▸ **Task brief**
Take the line that contains "yellow wall sculpture" and every line below it to the end of the entries, and give them again exactly, leaving out any pictures.

▸ **Information given**
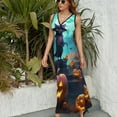 thumbnail image 3 of Halloween Ghosts Horror Pumpkin Sleeveless Dress Woman Fashion Long Dresses Women's Summer Suit Dress 2025, 3 of 7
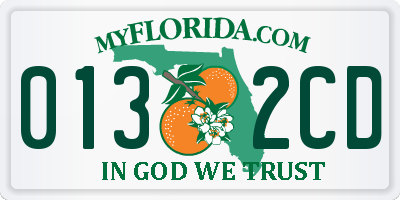 FL license plate 0132CD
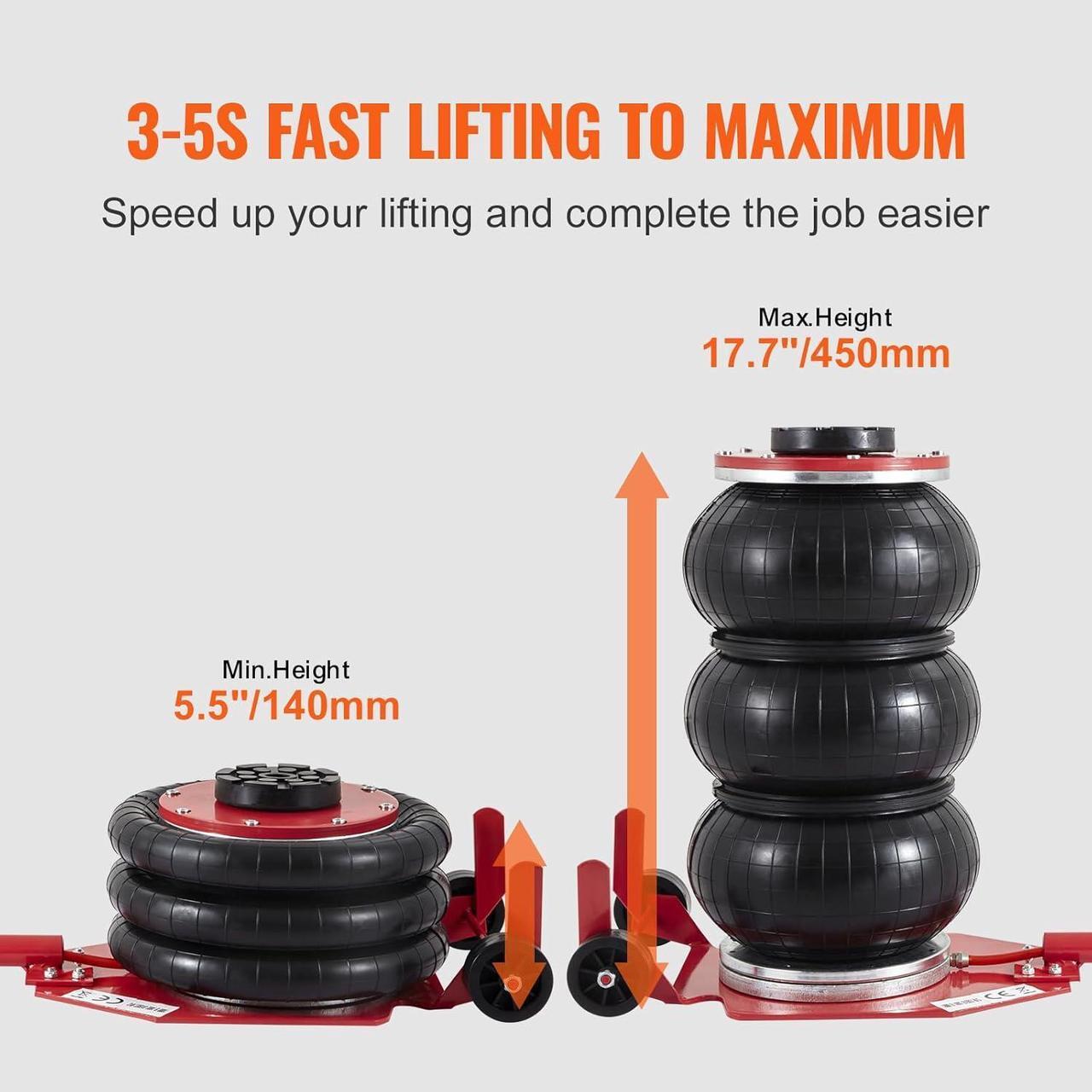 Alt view image 4 of 7 - Air Jack, 3 Ton/6600 lbs Triple Bag Air Jack, Airbag Jack with Six Steel Pipes, Lift up to 17.7 inch/450 mm, 3-5 s Fast Lifting Pneumatic Jack, with Long Handles for Cars, Garages, Repair, (Red)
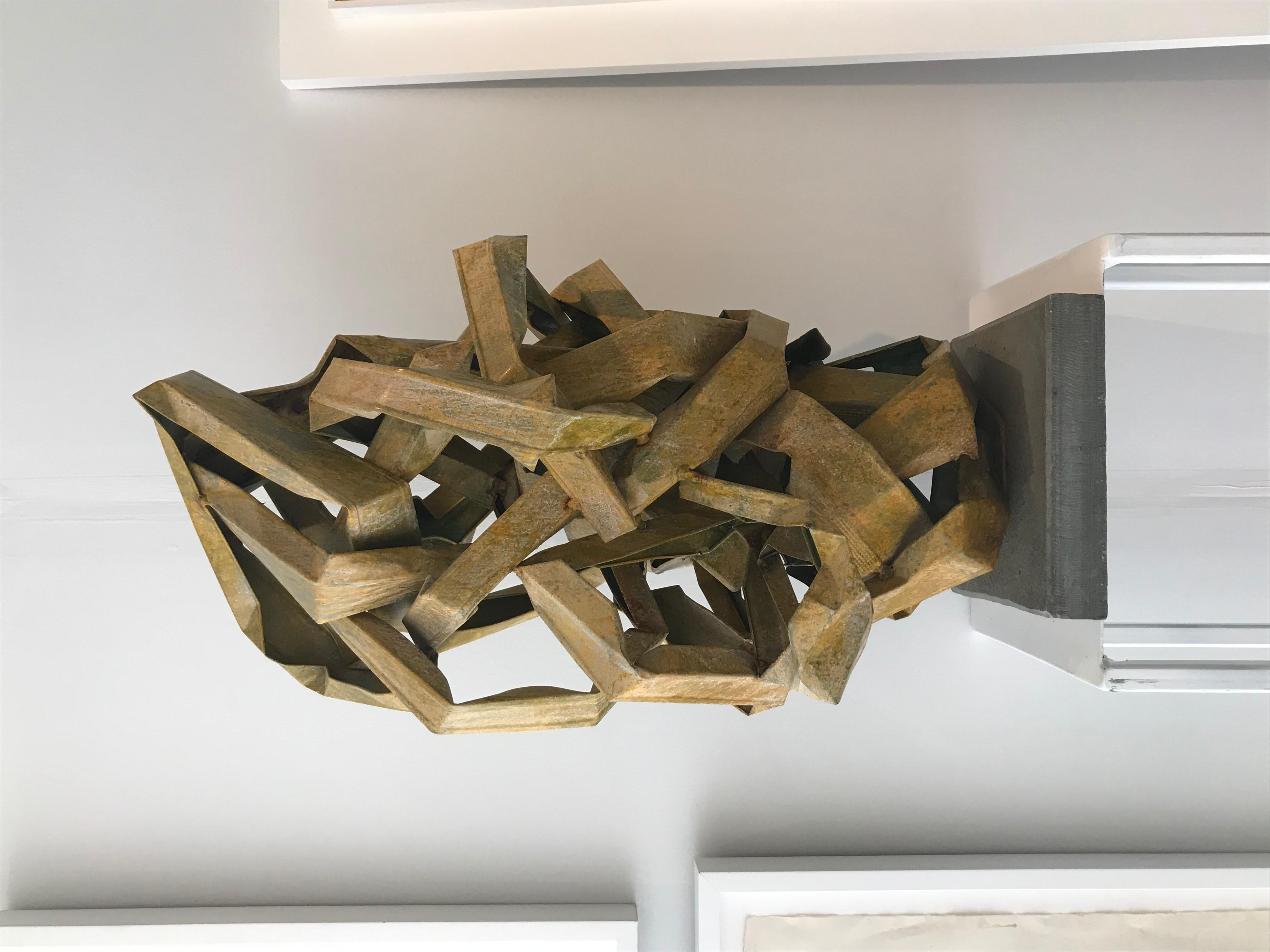 yellow wall sculpture steel abstract - Sculpture by Nathan Slate Joseph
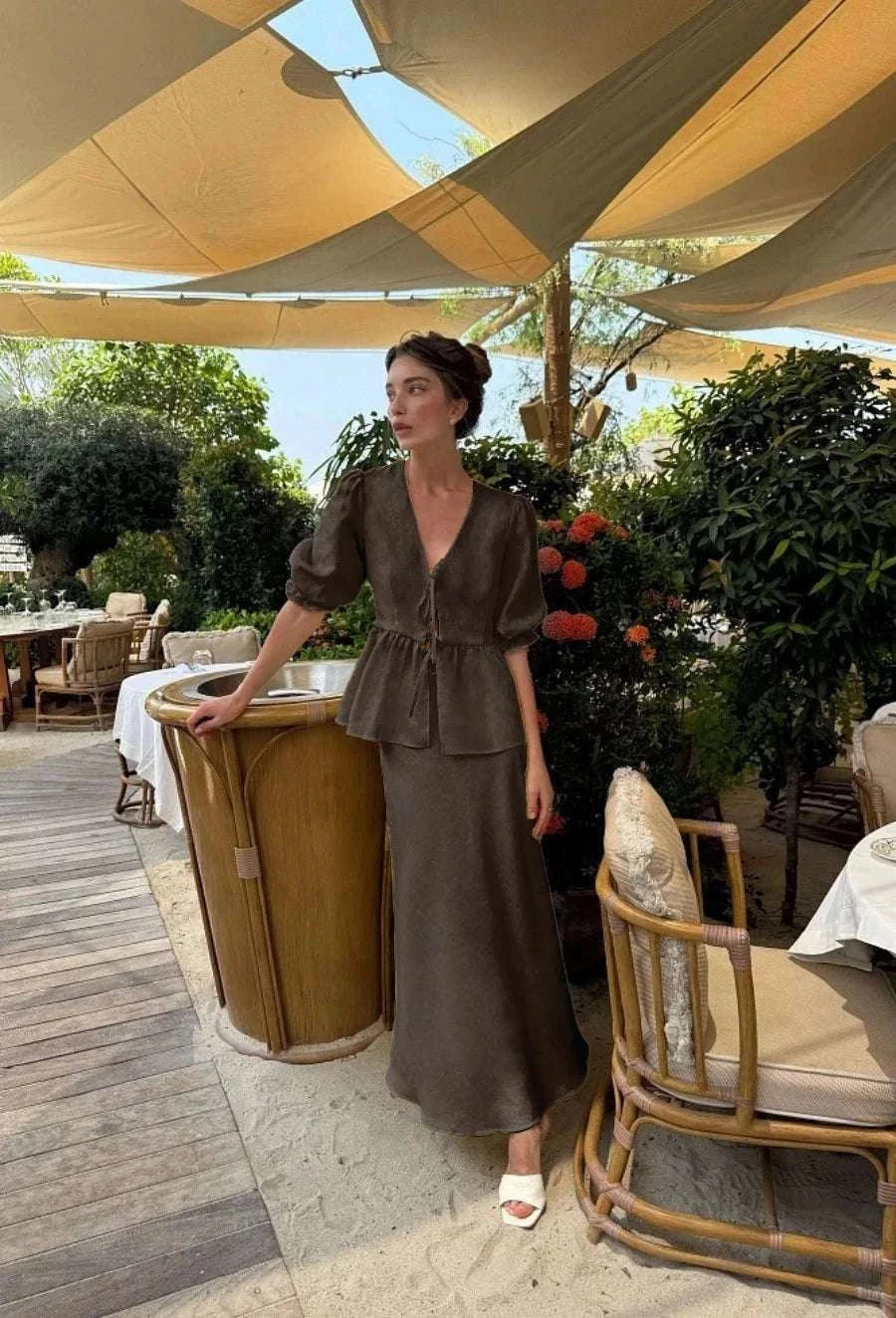 Women’s Cotton V-Neck Blouse & Long Skirt Two-Piece Set-Coffee / M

▸ **Exercise solution**
 yellow wall sculpture steel abstract - Sculpture by Nathan Slate Joseph
 Women’s Cotton V-Neck Blouse & Long Skirt Two-Piece Set-Coffee / M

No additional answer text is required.